Activity =
With the pictures removed, the data below must be transcribed in full and exactly.

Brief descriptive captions

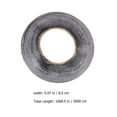 thumbnail image 2 of PEACNNG Mobile Screen Adhesive Adesivo Black Duct Tape Sealing No Trace Cell Phone, 2 of 6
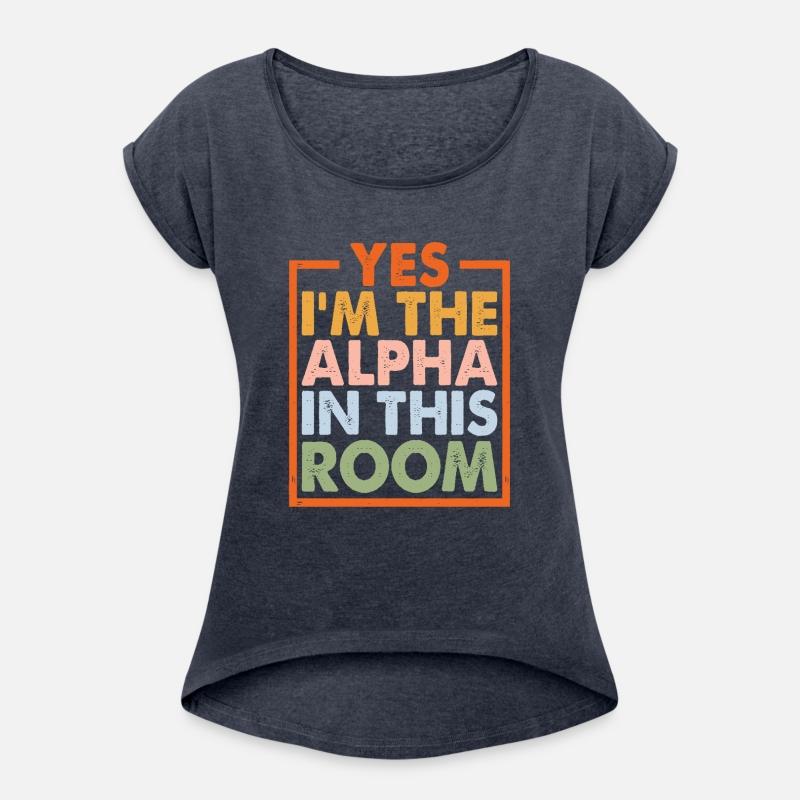 Yes, I'm The Alpha In This Room 16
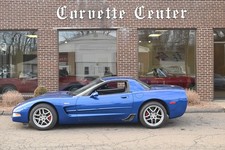 2003 Chevrolet Corvette Z06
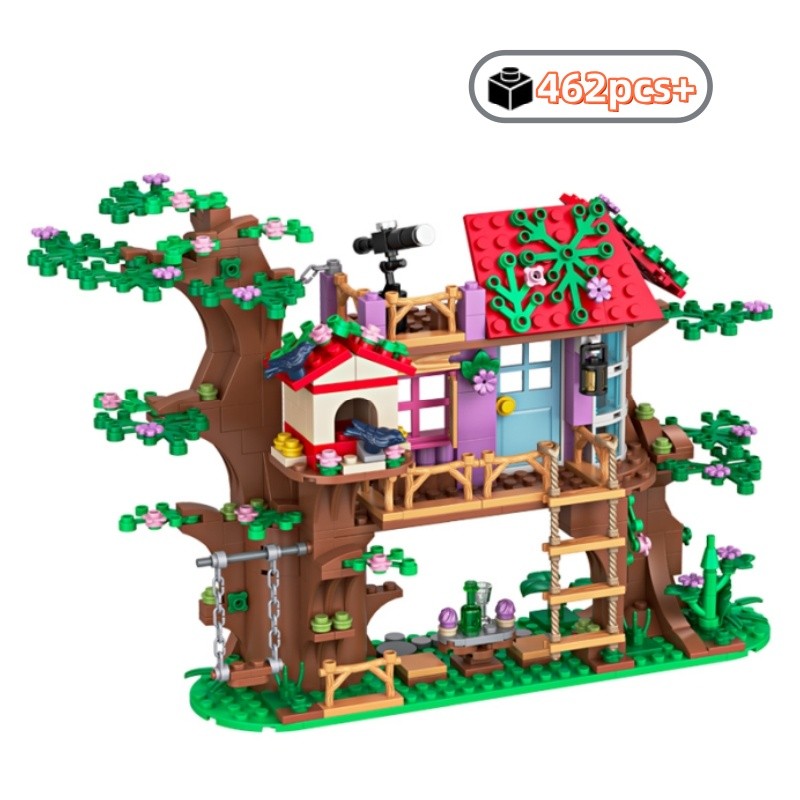 462 قطعة مجموعات مكعبات بناء م - مراجعة Lego Set City وسعره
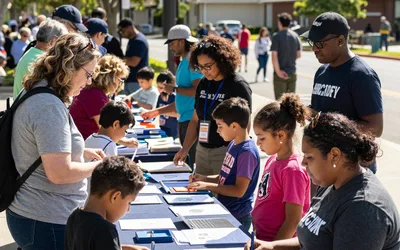 Community Resource Fair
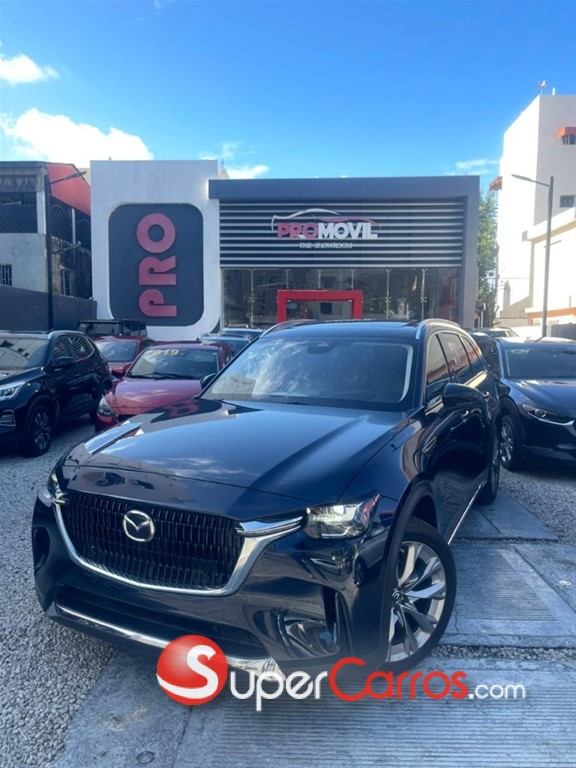 2024 Mazda CX-90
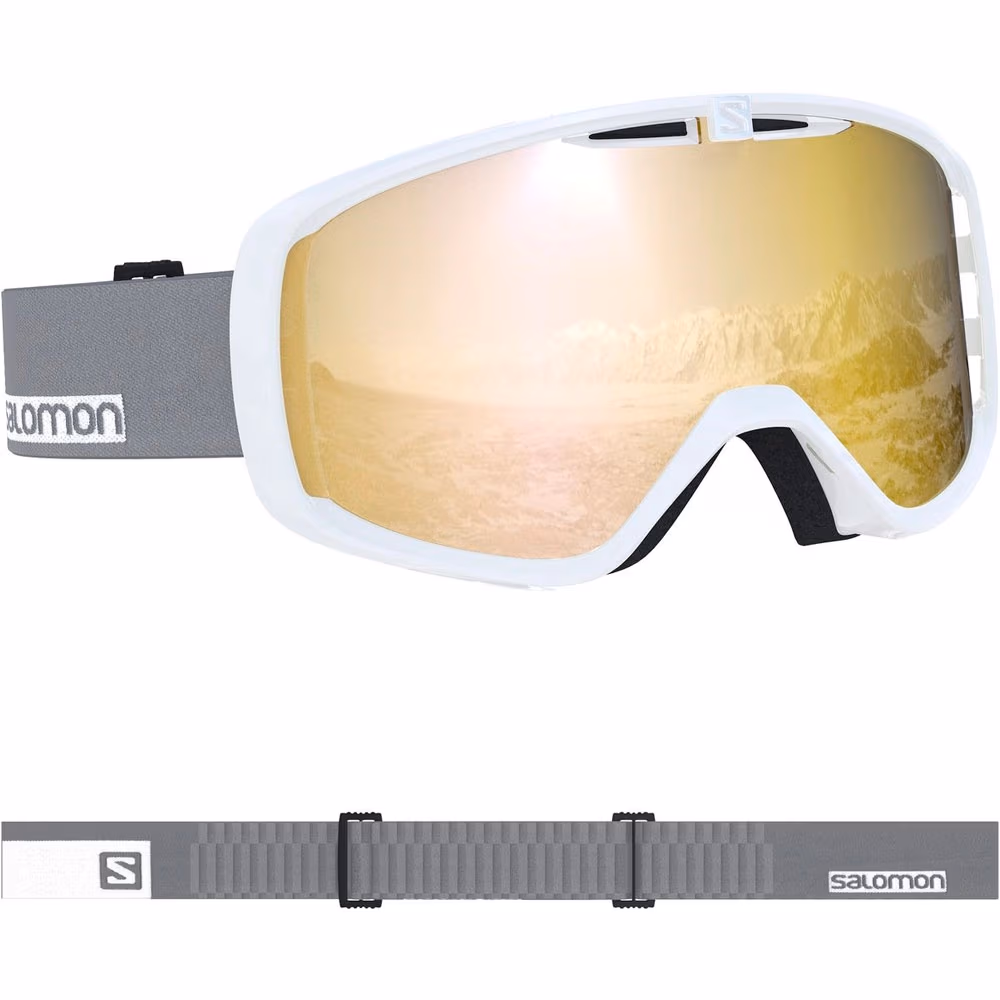 Masca ski Salomon AKSIUM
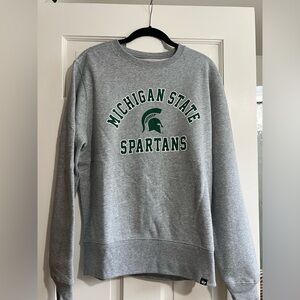 Michigan State Spartans Crewneck
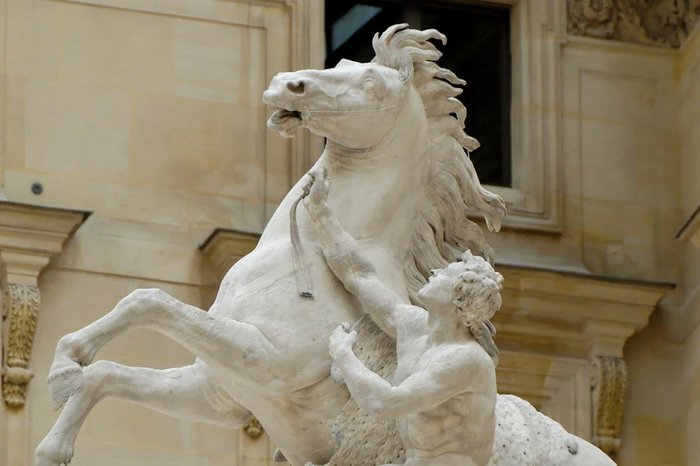 Museu do Louvre / Divulgação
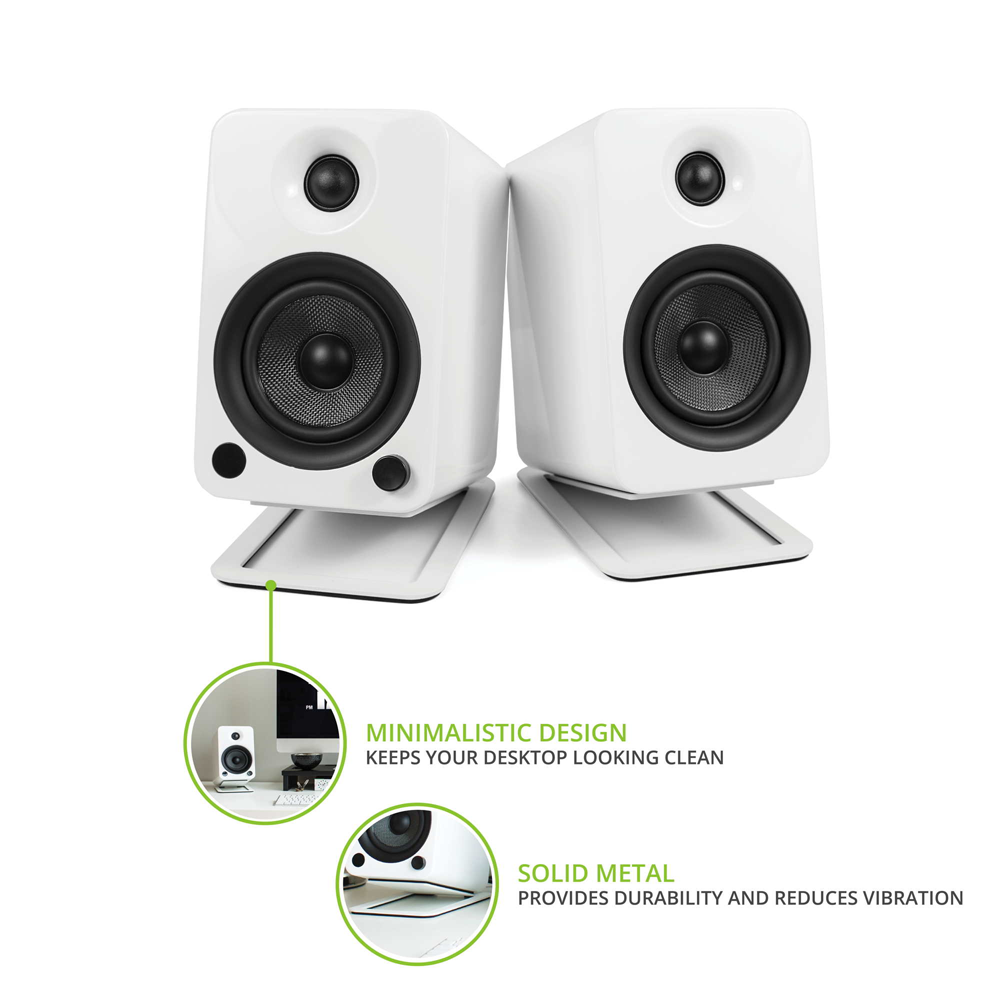 S4 Desktop Speaker Stand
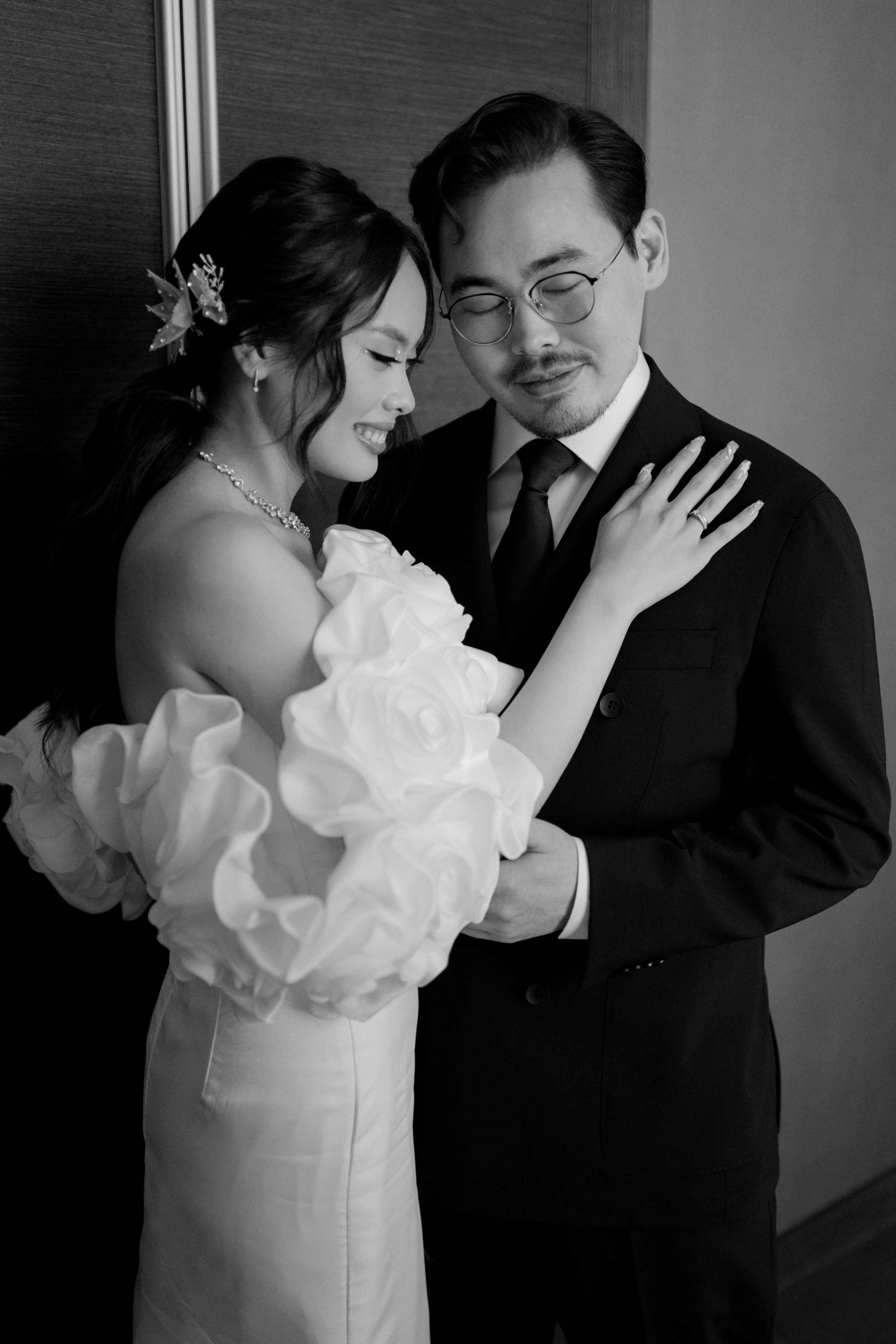 BAURZHAN & AIDA. Wedding and Fashion photographer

Output of the exercise =
 thumbnail image 2 of PEACNNG Mobile Screen Adhesive Adesivo Black Duct Tape Sealing No Trace Cell Phone, 2 of 6
 Yes, I'm The Alpha In This Room 16
 2003 Chevrolet Corvette Z06
 462 قطعة مجموعات مكعبات بناء م - مراجعة Lego Set City وسعره
 Community Resource Fair
 2024 Mazda CX-90
 Masca ski Salomon AKSIUM
 Michigan State Spartans Crewneck
 Museu do Louvre / Divulgação
 S4 Desktop Speaker Stand
 BAURZHAN & AIDA. Wedding and Fashion photographer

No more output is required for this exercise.